- **PROBLEM TO SOLVE**: What you return must match the records word for word, except that images are dropped.

- **SOURCE MATERIAL**:
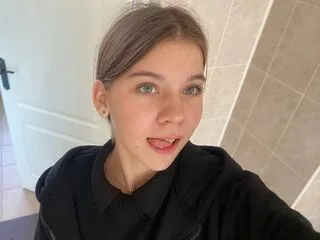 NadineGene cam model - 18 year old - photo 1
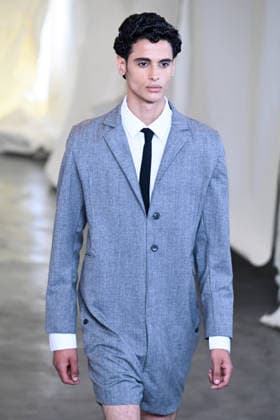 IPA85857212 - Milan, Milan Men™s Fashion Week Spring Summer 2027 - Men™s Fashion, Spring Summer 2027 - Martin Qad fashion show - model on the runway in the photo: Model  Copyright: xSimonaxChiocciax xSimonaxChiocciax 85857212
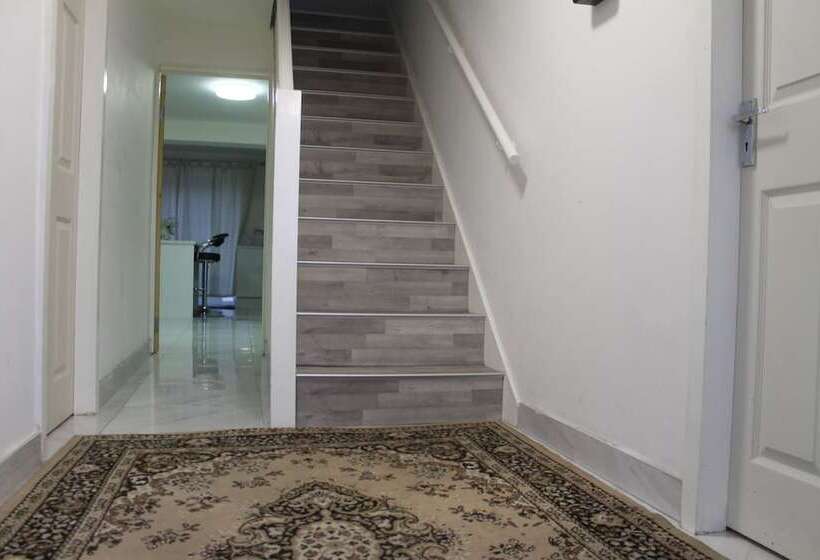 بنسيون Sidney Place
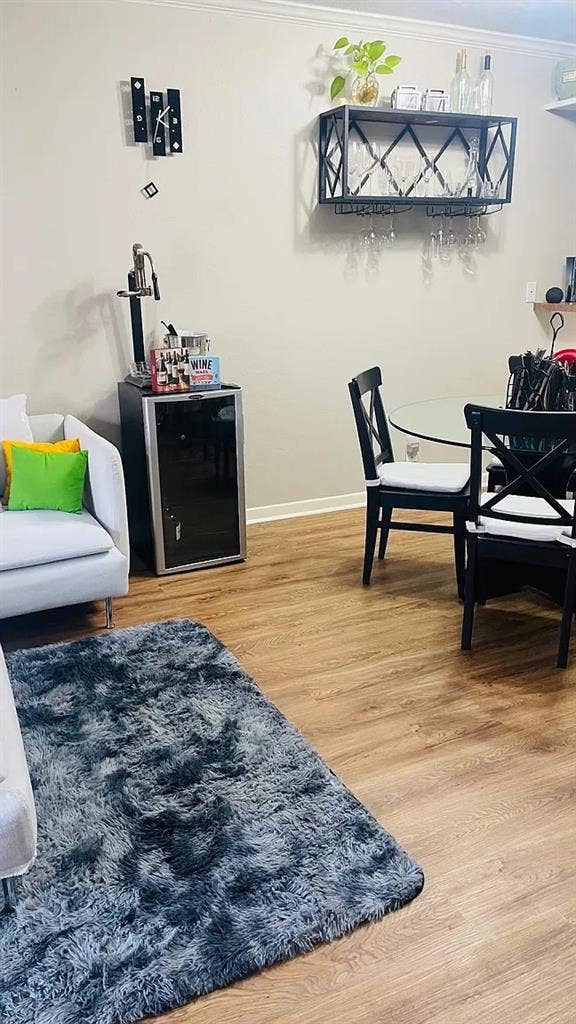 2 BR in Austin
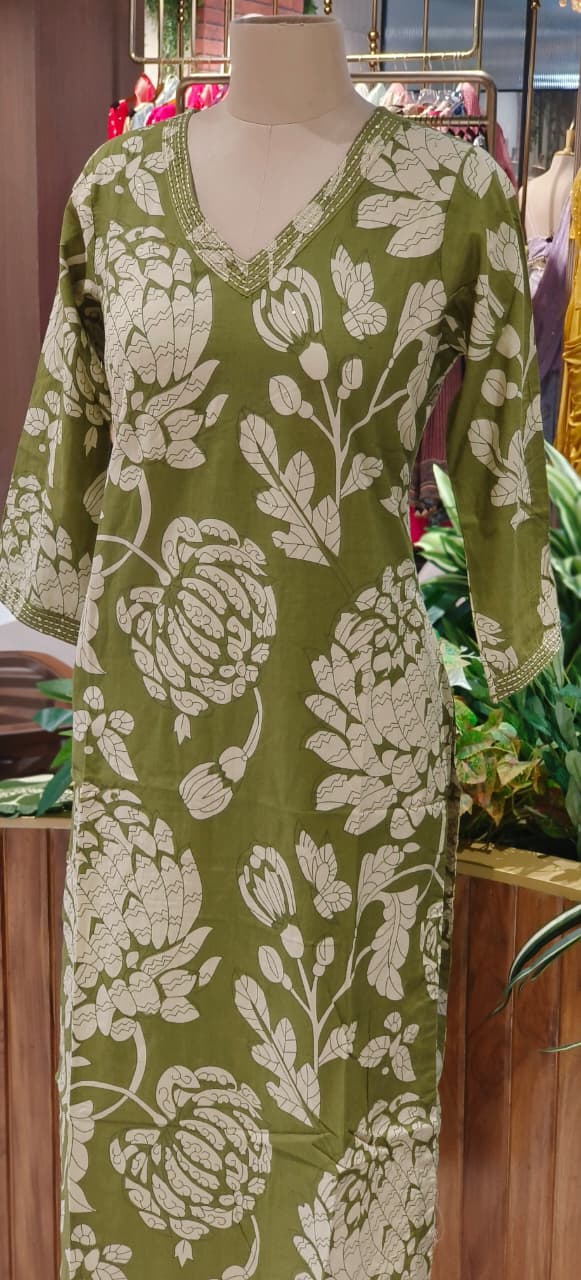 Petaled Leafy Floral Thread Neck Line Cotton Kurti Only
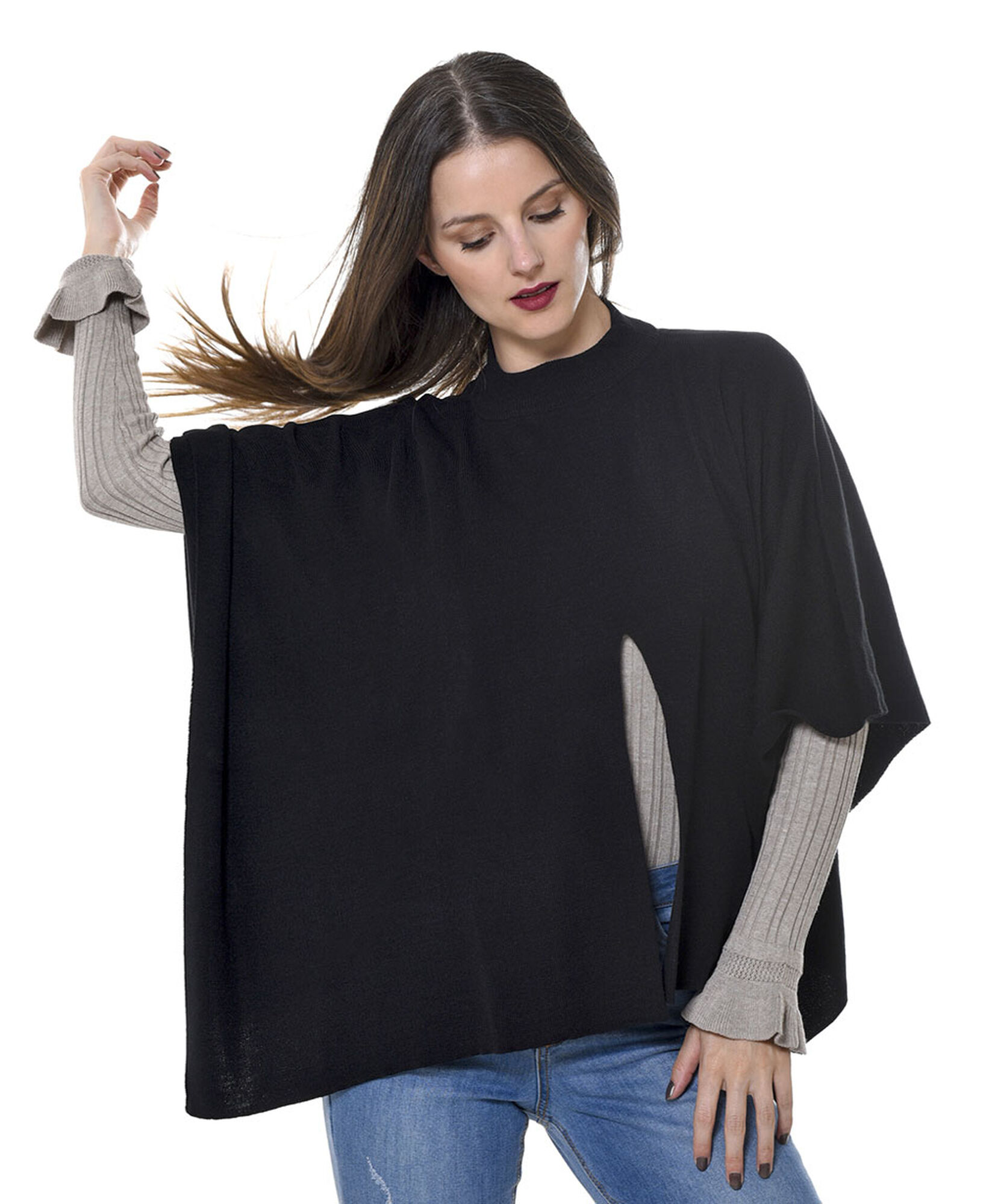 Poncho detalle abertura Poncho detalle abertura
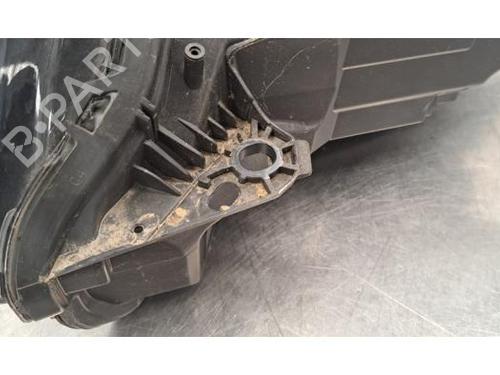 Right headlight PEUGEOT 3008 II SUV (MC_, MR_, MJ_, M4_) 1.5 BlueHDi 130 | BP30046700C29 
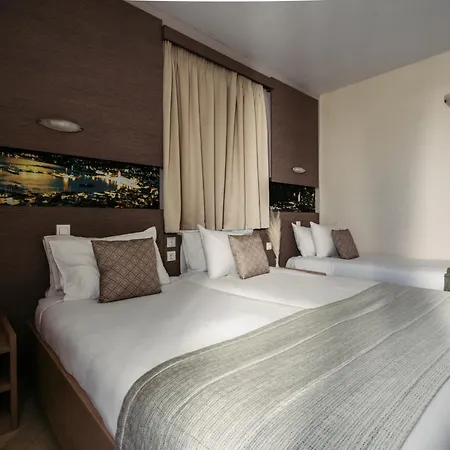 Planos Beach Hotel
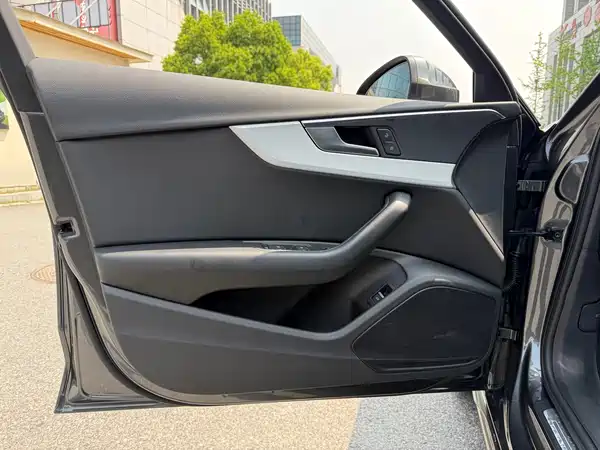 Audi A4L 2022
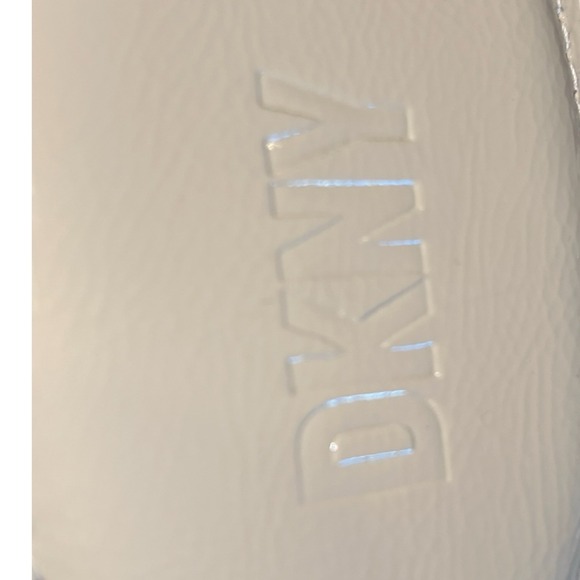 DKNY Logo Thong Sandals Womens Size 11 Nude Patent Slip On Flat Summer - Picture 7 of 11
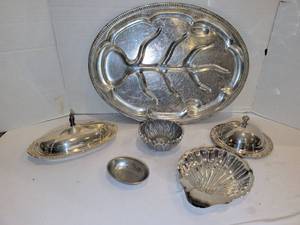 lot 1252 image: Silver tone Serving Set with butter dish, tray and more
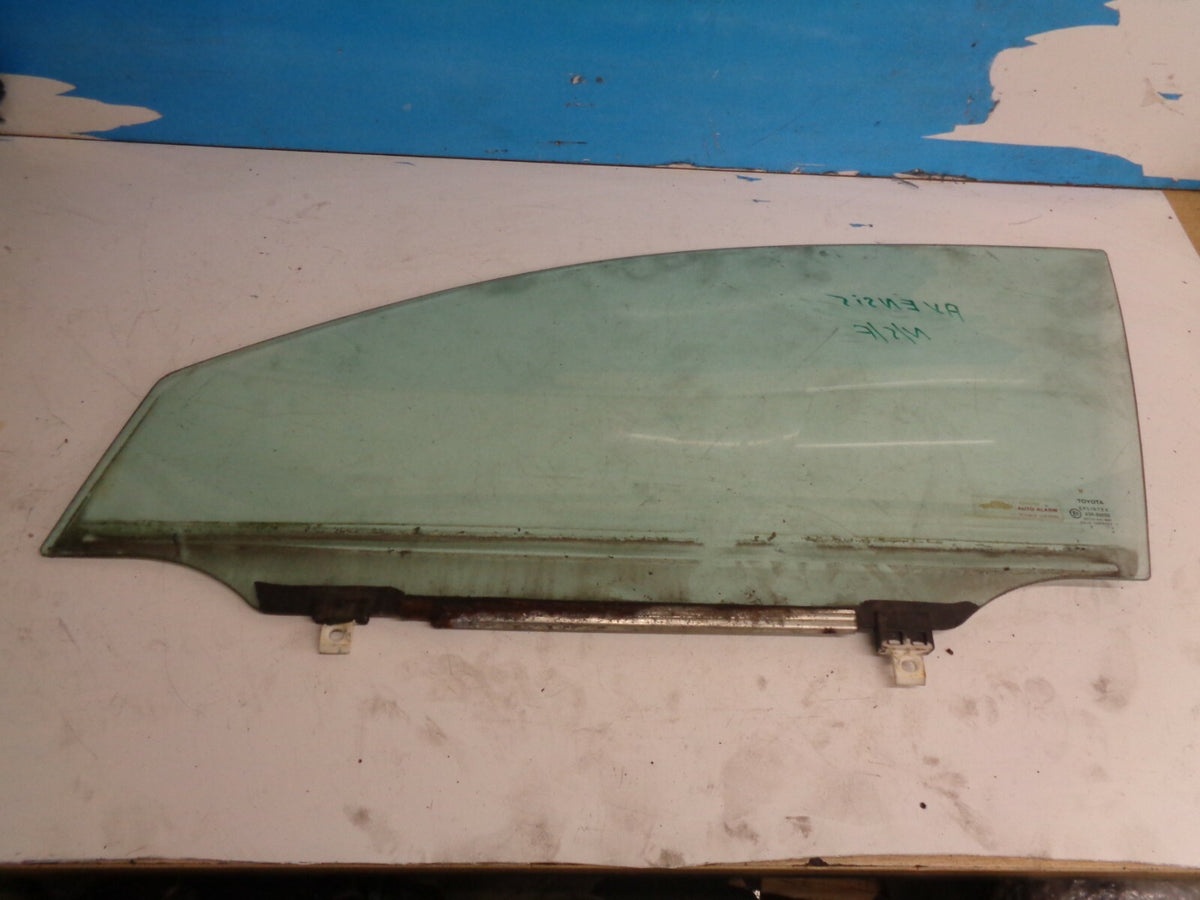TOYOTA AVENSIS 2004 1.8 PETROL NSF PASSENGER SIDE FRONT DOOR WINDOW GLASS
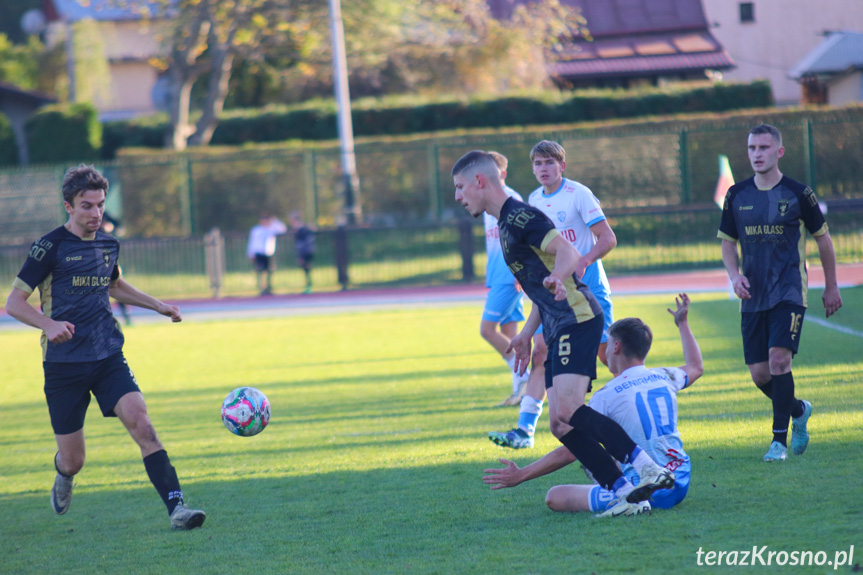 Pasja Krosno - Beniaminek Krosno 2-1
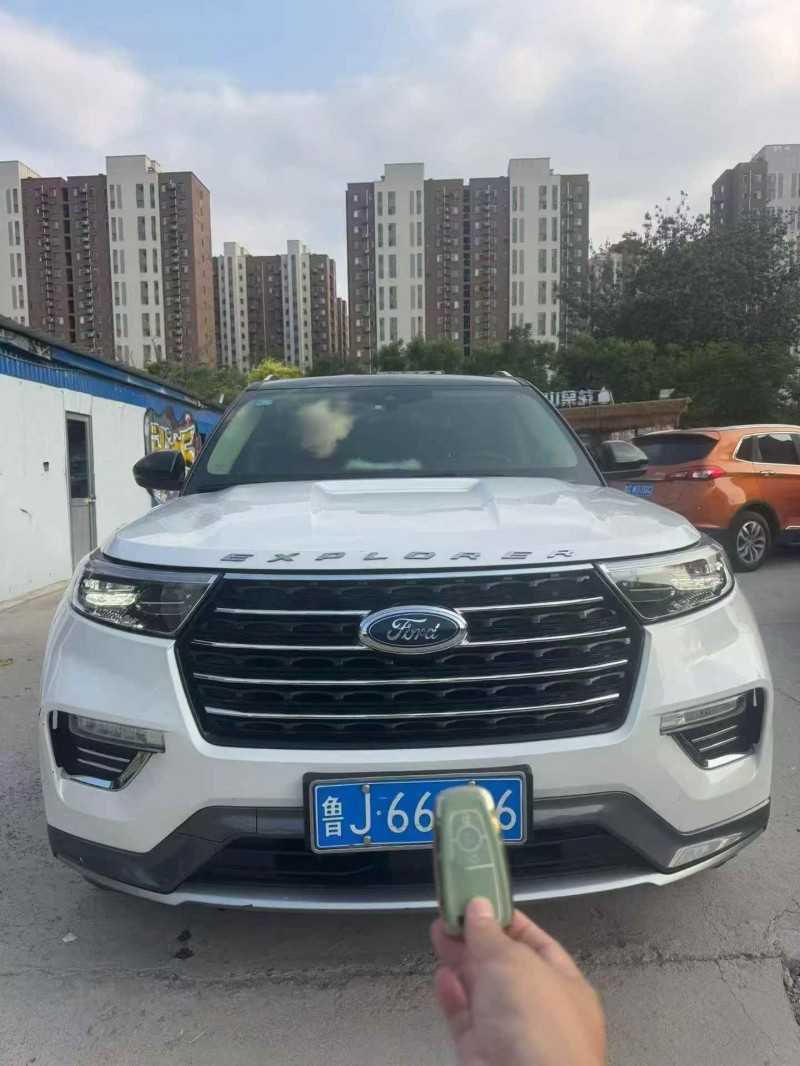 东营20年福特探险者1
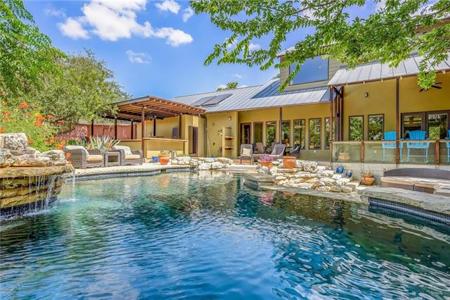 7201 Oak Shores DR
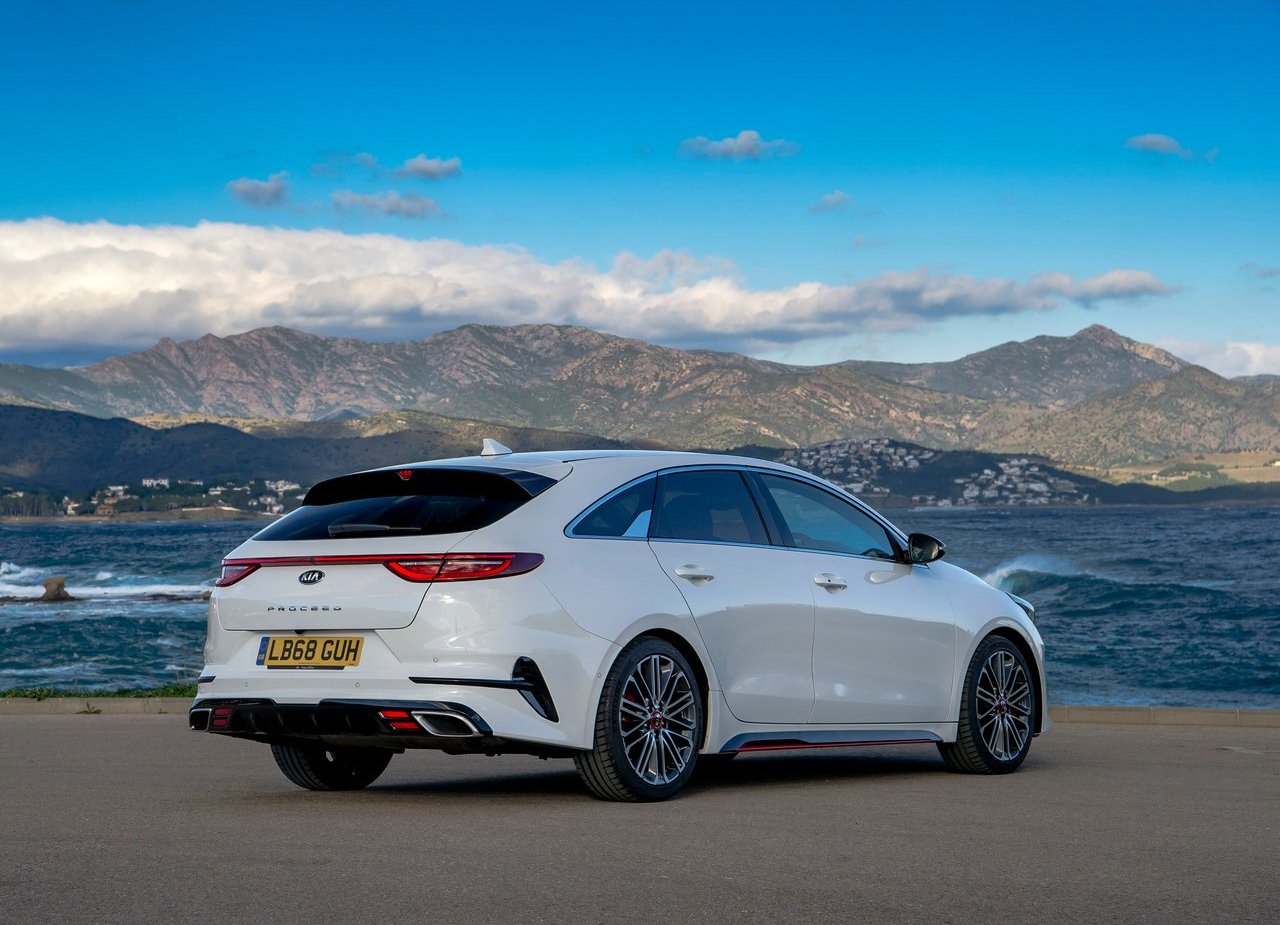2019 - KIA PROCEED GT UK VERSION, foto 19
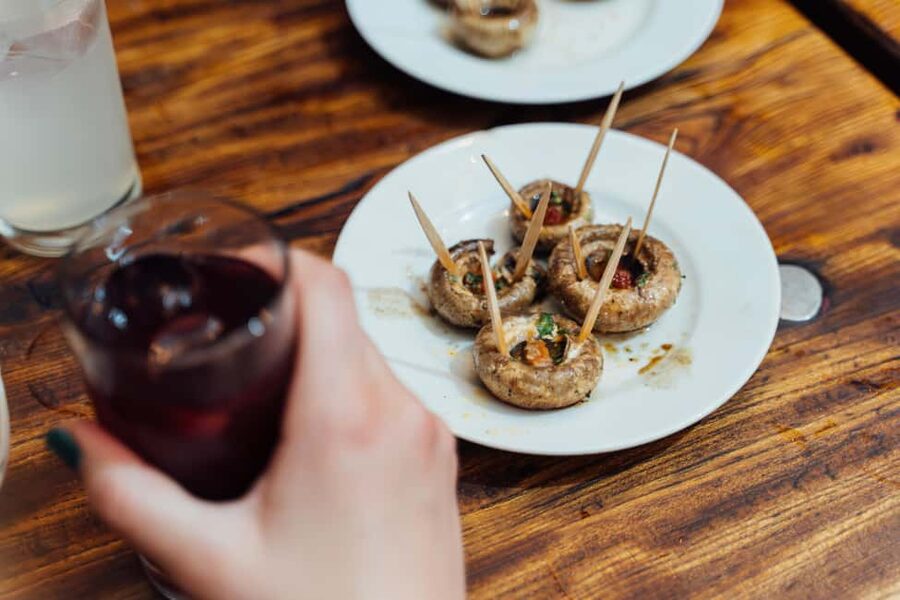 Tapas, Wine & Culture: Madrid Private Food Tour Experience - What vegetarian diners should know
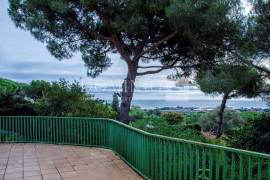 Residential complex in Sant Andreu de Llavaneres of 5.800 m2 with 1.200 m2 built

- **COMPLETED EXERCISE**:
 NadineGene cam model - 18 year old - photo 1
 IPA85857212 - Milan, Milan Men™s Fashion Week Spring Summer 2027 - Men™s Fashion, Spring Summer 2027 - Martin Qad fashion show - model on the runway in the photo: Model  Copyright: xSimonaxChiocciax xSimonaxChiocciax 85857212
 بنسيون Sidney Place
 2 BR in Austin
 Petaled Leafy Floral Thread Neck Line Cotton Kurti Only
 Poncho detalle abertura Poncho detalle abertura
 Right headlight PEUGEOT 3008 II SUV (MC_, MR_, MJ_, M4_) 1.5 BlueHDi 130 | BP30046700C29 
 Planos Beach Hotel
 Audi A4L 2022
 DKNY Logo Thong Sandals Womens Size 11 Nude Patent Slip On Flat Summer - Picture 7 of 11
 lot 1252 image: Silver tone Serving Set with butter dish, tray and more
TOYOTA AVENSIS 2004 1.8 PETROL NSF PASSENGER SIDE FRONT DOOR WINDOW GLASS
 Pasja Krosno - Beniaminek Krosno 2-1
 东营20年福特探险者1
 7201 Oak Shores DR
2019 - KIA PROCEED GT UK VERSION, foto 19
 Tapas, Wine & Culture: Madrid Private Food Tour Experience - What vegetarian diners should know
 Residential complex in Sant Andreu de Llavaneres of 5.800 m2 with 1.200 m2 built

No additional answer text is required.